→ **TASK TO COMPLETE**
Reproduce each line of the following material exactly, omitting the images.

→ **DATASET SECTION**
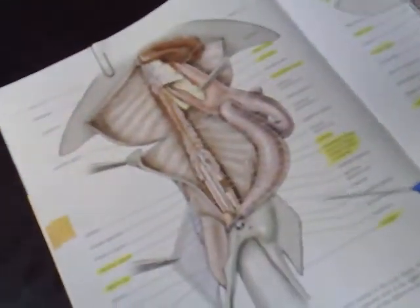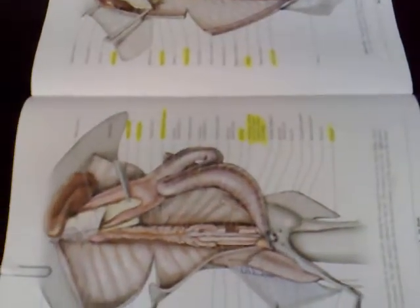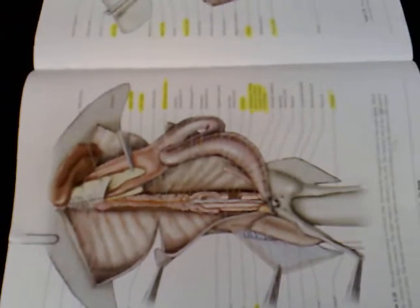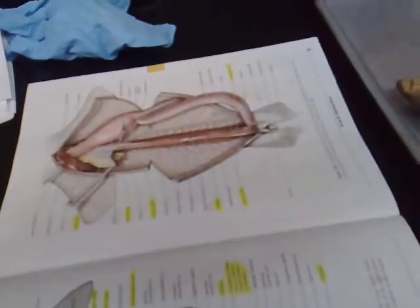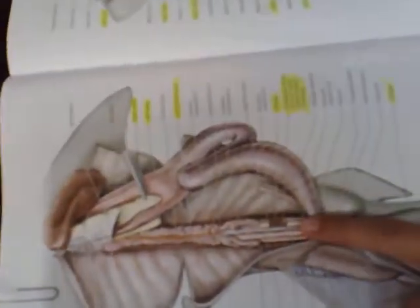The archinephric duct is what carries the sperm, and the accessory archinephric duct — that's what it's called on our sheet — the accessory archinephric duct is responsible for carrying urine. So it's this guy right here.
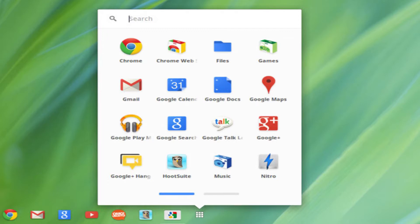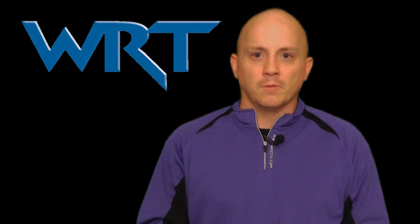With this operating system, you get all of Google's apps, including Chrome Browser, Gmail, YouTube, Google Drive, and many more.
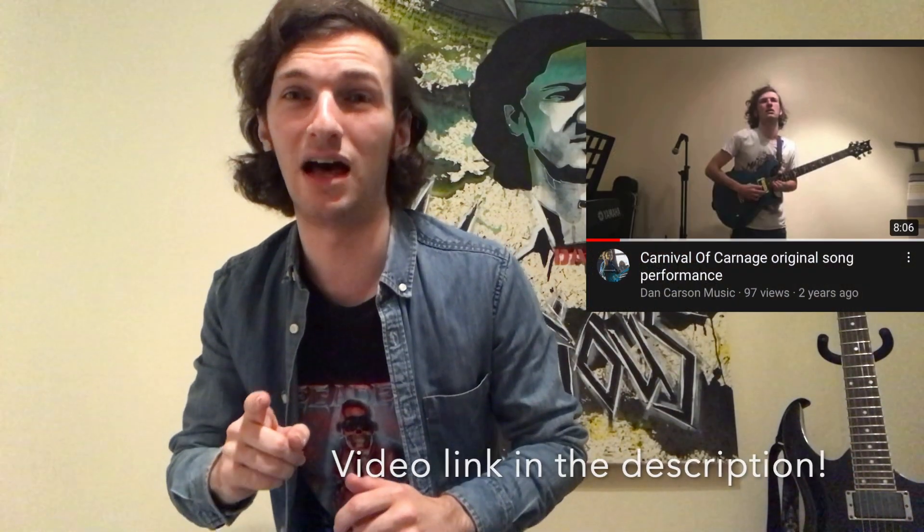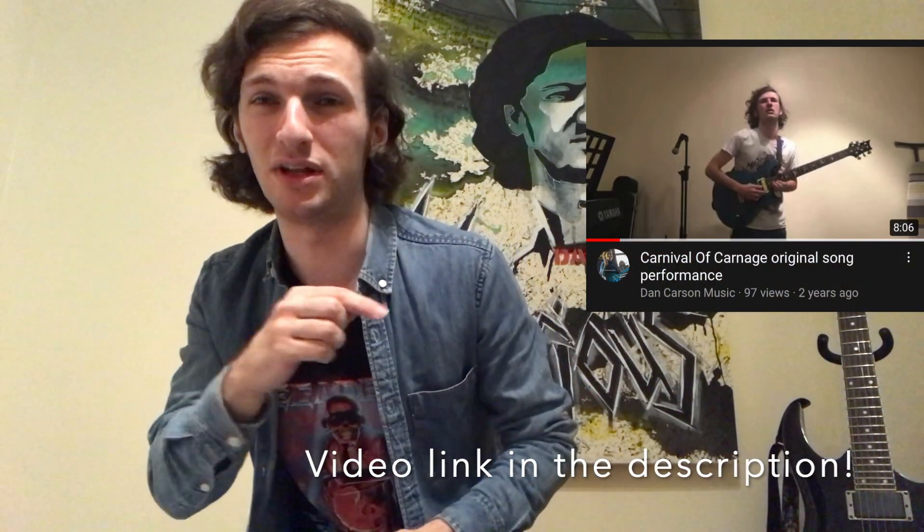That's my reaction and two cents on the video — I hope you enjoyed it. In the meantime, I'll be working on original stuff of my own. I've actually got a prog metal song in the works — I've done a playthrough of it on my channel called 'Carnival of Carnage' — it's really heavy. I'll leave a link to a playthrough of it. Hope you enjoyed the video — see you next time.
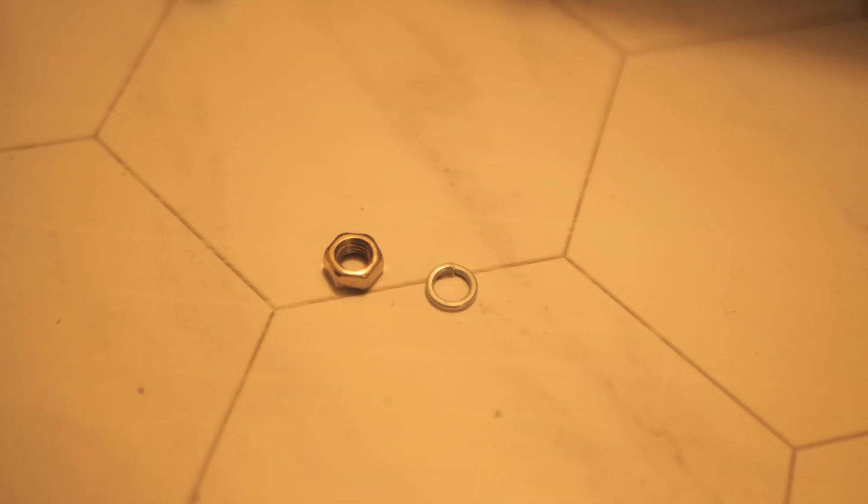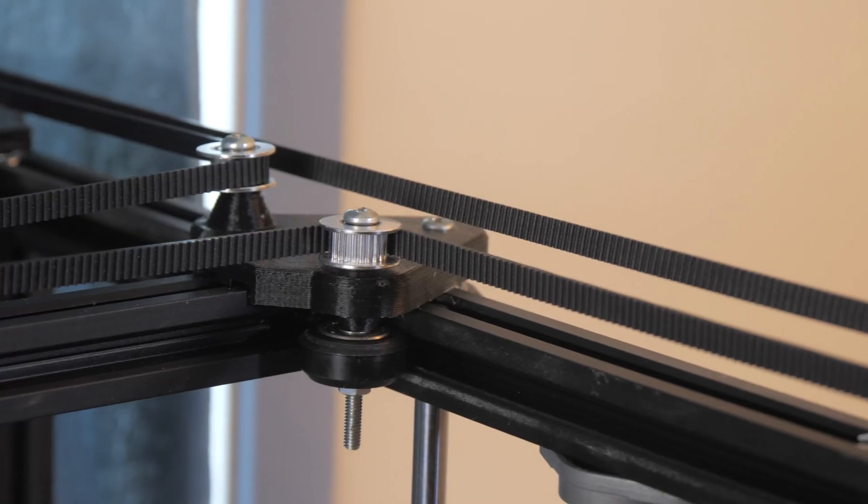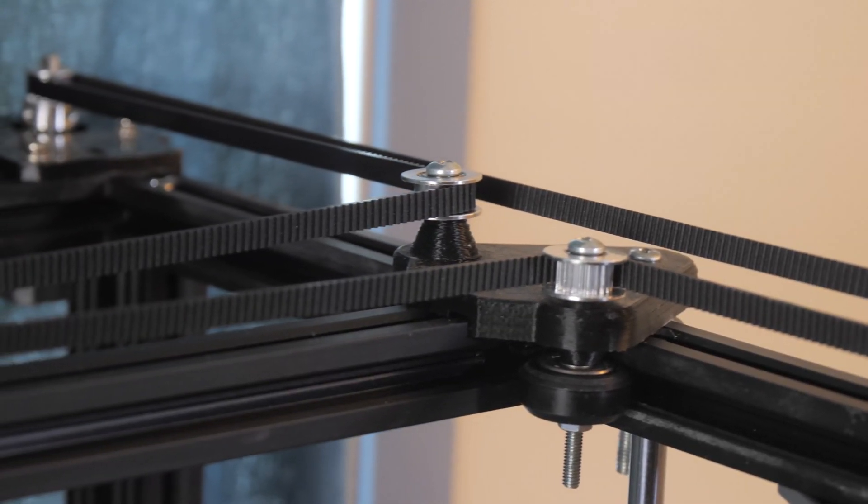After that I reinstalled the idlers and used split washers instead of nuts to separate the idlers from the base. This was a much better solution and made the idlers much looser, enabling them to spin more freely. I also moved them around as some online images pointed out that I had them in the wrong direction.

→ **TASK SOLUTION**
The archinephric duct is what carries the sperm, and the accessory archinephric duct — that's what it's called on our sheet — the accessory archinephric duct is responsible for carrying urine. So it's this guy right here.
With this operating system, you get all of Google's apps, including Chrome Browser, Gmail, YouTube, Google Drive, and many more.
That's my reaction and two cents on the video — I hope you enjoyed it. In the meantime, I'll be working on original stuff of my own. I've actually got a prog metal song in the works — I've done a playthrough of it on my channel called 'Carnival of Carnage' — it's really heavy. I'll leave a link to a playthrough of it. Hope you enjoyed the video — see you next time.
After that I reinstalled the idlers and used split washers instead of nuts to separate the idlers from the base. This was a much better solution and made the idlers much looser, enabling them to spin more freely. I also moved them around as some online images pointed out that I had them in the wrong direction.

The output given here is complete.